* **Brief**
The line containing "Haldensee - Naturerlebnis Und Wellnesshotel" marks where to begin; quote it and every line after it through the end of the data, exactly as written.

Dataset entries:

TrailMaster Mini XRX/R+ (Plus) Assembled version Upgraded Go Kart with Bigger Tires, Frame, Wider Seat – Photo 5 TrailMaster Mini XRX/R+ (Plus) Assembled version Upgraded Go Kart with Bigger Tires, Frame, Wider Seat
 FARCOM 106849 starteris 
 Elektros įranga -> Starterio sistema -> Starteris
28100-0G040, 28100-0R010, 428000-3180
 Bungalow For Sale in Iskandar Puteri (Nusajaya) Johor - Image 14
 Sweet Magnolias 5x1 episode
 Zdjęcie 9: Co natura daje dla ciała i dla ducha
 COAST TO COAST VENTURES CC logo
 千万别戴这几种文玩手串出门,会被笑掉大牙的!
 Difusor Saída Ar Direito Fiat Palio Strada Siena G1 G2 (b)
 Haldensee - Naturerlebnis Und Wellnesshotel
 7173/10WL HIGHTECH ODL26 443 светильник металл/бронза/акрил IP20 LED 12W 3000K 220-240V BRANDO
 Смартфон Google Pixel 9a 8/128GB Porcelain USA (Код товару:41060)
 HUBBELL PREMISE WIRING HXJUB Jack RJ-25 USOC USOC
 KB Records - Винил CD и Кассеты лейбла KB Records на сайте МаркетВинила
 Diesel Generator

* **Answer box**
 Haldensee - Naturerlebnis Und Wellnesshotel
 7173/10WL HIGHTECH ODL26 443 светильник металл/бронза/акрил IP20 LED 12W 3000K 220-240V BRANDO
 Смартфон Google Pixel 9a 8/128GB Porcelain USA (Код товару:41060)
 HUBBELL PREMISE WIRING HXJUB Jack RJ-25 USOC USOC
 KB Records - Винил CD и Кассеты лейбла KB Records на сайте МаркетВинила
 Diesel Generator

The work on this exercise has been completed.